Direito penal

Deitado em berço esplêndido

Felizmente, tem curso na Câmara dos Deputados o projeto de lei 2016/2015, que pretende eliminar essa lacuna.

Por Vladimir Aras

Segundo recente relatório que o GAFI (ou FATF, na sigla em inglês) apresentou aos membros do G-20, na cúpula realizada em Antália, na Turquia, entre 194 países analisados, somente 4 não criminalizam o financiamento do terrorismo. São eles a República Tcheca, a Líbia, a Palestina e o Brasil.

Felizmente, tem curso na Câmara dos Deputados o projeto de lei 2016/2015, que pretende eliminar essa lacuna.
A proposição tramita em regime de urgência e está na reta final de votação, com a seguinte redação (original da Câmara):

Art. 6°. Receber, prover, oferecer, obter, guardar, manter em depósito, solicitar, investir, de qualquer modo, direta ou indiretamente, recursos, ativos, bens, direitos, valores ou serviços de qualquer natureza, para o planejamento, a preparação ou a execução dos crimes previstos nesta Lei:
Pena – reclusão, de quinze a trinta anos.

Parágrafo único.

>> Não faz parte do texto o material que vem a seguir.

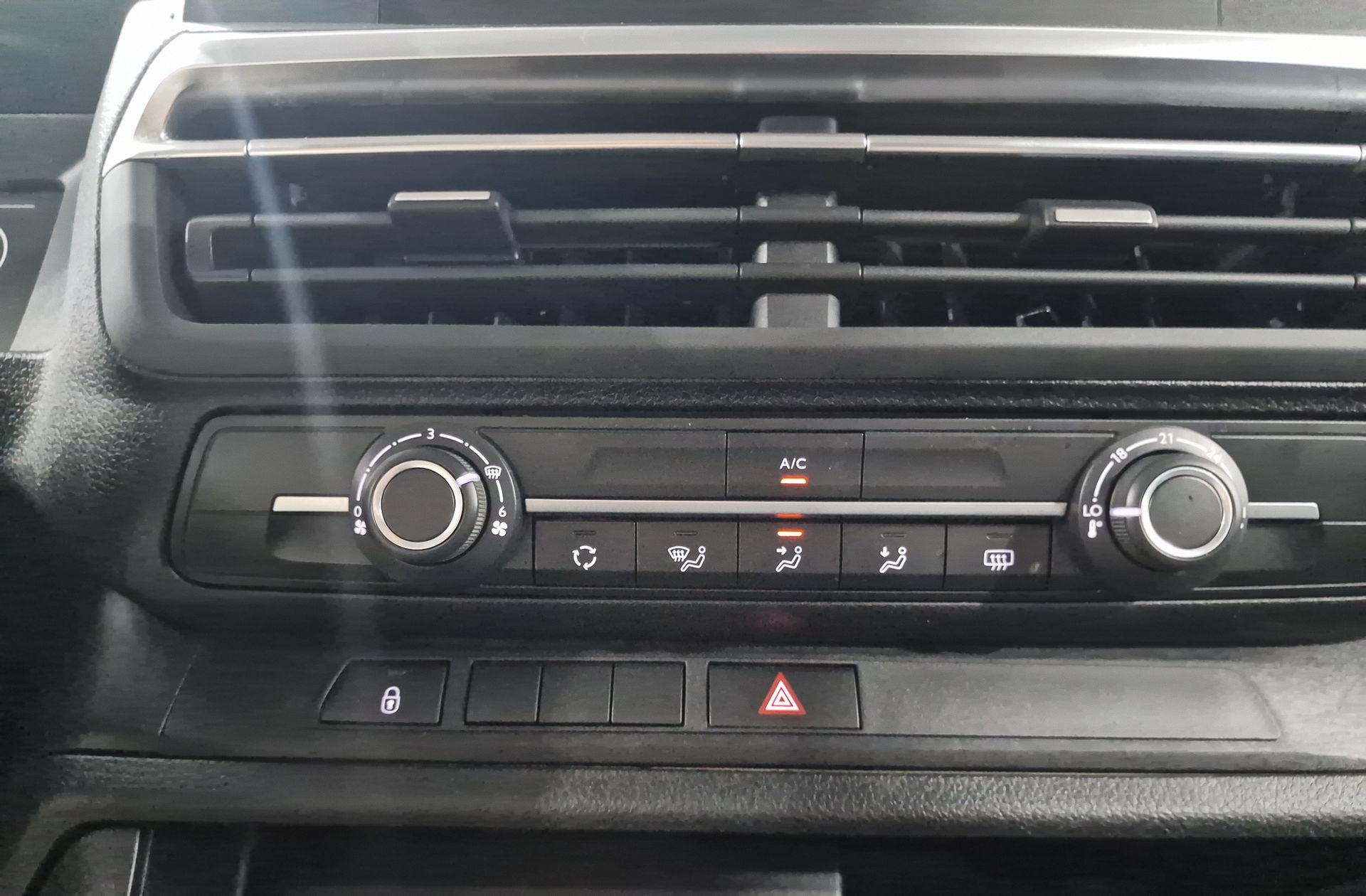 Toyota Proace Verso 2.0D Shuttle VX L1 9 plazas - foto 26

Incorre na mesma pena quem oferecer ou receber, obtiver, guardar, mantiver em depósito, solicitar, investir ou de qualquer modo contribuir para a obtenção de ativo, bem ou recurso financeiro, com a finalidade de financiar, total ou parcialmente, pessoa, grupo de pessoas, associação, entidade, organização criminosa que tenha como atividade principal ou secundária, mesmo em caráter eventual, a prática dos crimes previstos nesta Lei.

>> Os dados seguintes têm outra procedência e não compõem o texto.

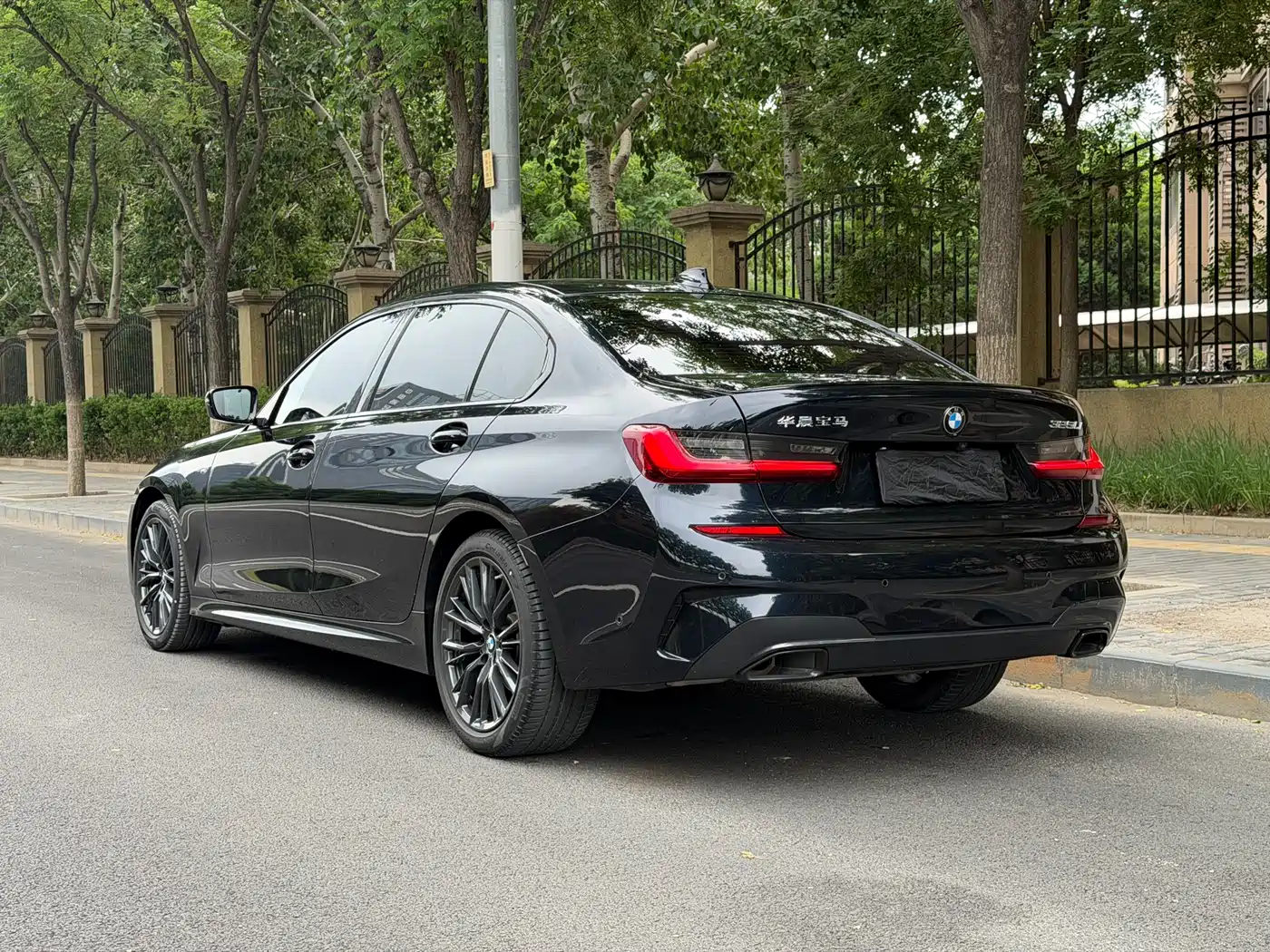 BMW 3 Series 2022 325Li M Sport Shadow Edition фото 5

No substitutivo do Senado ao PL 2016/2015, o crime de financiamento do terrorismo é previsto no artigo 5º, com pena de 12 a 20 anos de reclusão e multa, com alterações no preceito incriminador.

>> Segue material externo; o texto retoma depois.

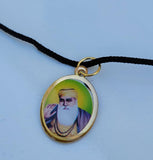 Sikh Guru Nanak Ji Guru Gobind Singh Oval Pendant in Black Evil Shield Thread MM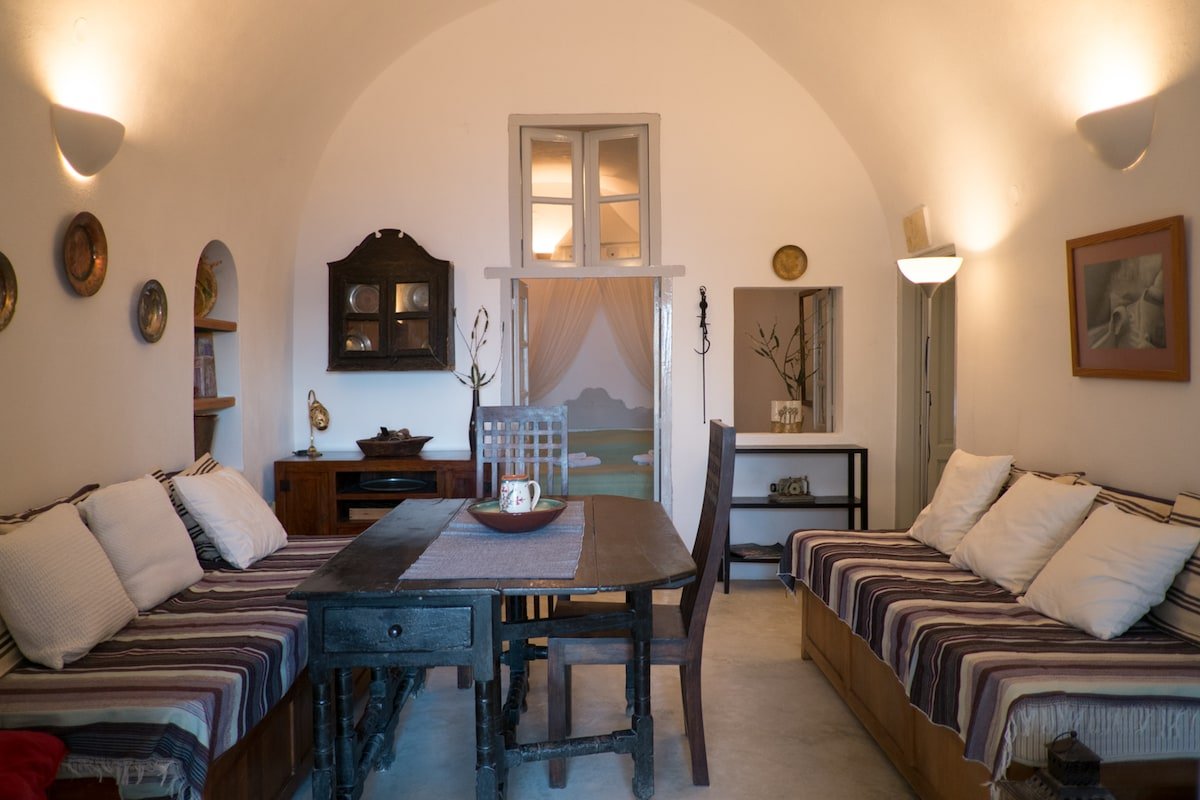 Zoe Aegeas private cave villa gallery image 5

Como quer que seja, o Brasil está em mora com a comunidade internacional, devido ao descumprimento da Convenção para a Supressão do Financiamento do Terrorismo de 1999 (Decreto 5.640/2005), que determina a criminalização dessa conduta:

Artigo 2

1. Qualquer pessoa estará cometendo um delito, em conformidade com o disposto na presente Convenção, quando, por qualquer meio, direta ou indiretamente, ilegal e intencionalmente, prover ou receber fundos com a intenção de empregá-los, ou ciente de que os mesmos serão empregados, no todo ou em parte, para levar a cabo:

a) Um ato que constitua delito no âmbito de e conforme definido em um dos tratados relacionados no anexo; ou

b) Qualquer outro ato com intenção de causar a morte de ou lesões corporais graves a um civil, ou a qualquer outra pessoa que não participe ativamente das hostilidades em situação de conflito armado, quando o propósito do referido ato, por sua natureza e contexto, for intimidar uma população, ou compelir um governo ou uma organização internacional a agir ou abster-se de agir.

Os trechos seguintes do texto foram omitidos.